And here are links to Poetry Month
in the Kidlitosphere–thanks, Jama!









Eli found Squirrel at the dog park.
Eli loves Squirrel.
Squirrel no longer squeaks. 
Eli removed Squirrel’s squeaker.
He couldn’t help himself.

Howdy, Campers and welcome to my 2012 Poem-A-Day Challenge!  Wowee–I can’t believe it’s here again!  This means I’ve been writing a poem a day since I took the challenge in April 2010.  Two. Whole.

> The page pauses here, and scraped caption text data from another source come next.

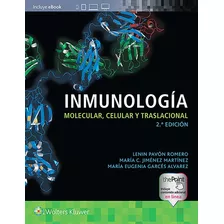 Inmunología Molecular, Celular Y Traslacional/ Pavon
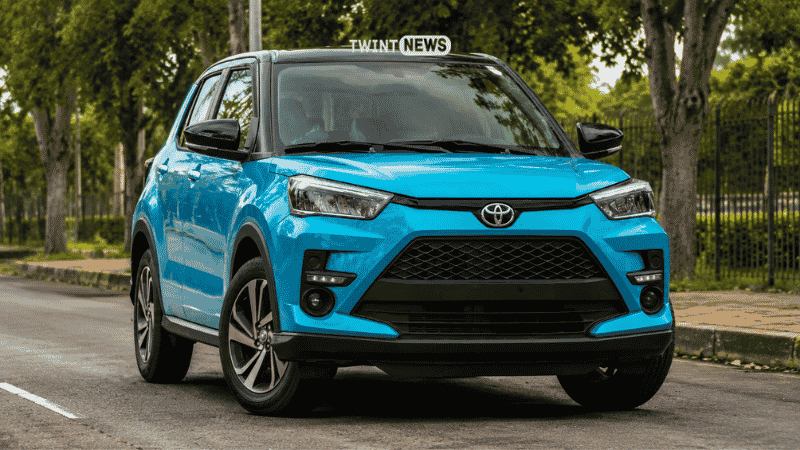 Calculá tu Toyota Raize 2025 en cuotas y preparate para aprobar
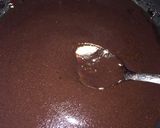 Foto langkah ke 1 dari resep Cake siram coklat keto.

Years.  Over six hundred poems.

Ask any writer and I’ll bet 98% of us wonder if we deep-down really ARE writers.  Writing a poem a day has given me an amazing gift–I no longer doubt that I’m a writer.

This month, all the poems will be DOG POEMS, because the dog park is my new addiction.  So, let’s get on with the dog show–arf, arf!

 

April 18

SPRING EVENING AT THE DOG PARK


SPRING EVENING AT THE DOG PARK
by April Halprin Wayland

Warm yellow light
spills over all of us,
dogs and humans.

A black setter, a tan lab and my own goofball
whirl around the park
like speed skaters in a roller rink.

Wildly happy eyes,
tongues flying behind
like pink flags,

long legs flying,
Eli in the lead.
Here they come!

Where’d they go?
Then—
bam!

I wake in dust,
open my eyes to faces
partly blocking a softening sky.

Exhuberant dogs
took me out at the knees;
I stay down for a few more minutes

to make the ground
stop waving;
the roll of an earthquake.

Someone
hands me my glasses…
then a dusty lens.

Someone
asks if I know my name
I do

I laugh
because I know
my goofball’s name, too.

Poetry Prompt: I love metaphors in poetry–in all literature–and don’t use enough of ‘em.  So I made a point to stretch my brain and include metaphors in this poem (speed skaters and pink flag.)  I find that if I’m tired, I can’t seem to find metaphors.  A good night’s sleep and they come more easily.

It’s your turn. Describe a scene and include metaphors.  Break up the lines into short stanzas. Eliminate as many “the”s and “and”s as you can.  Does it feel like a poem?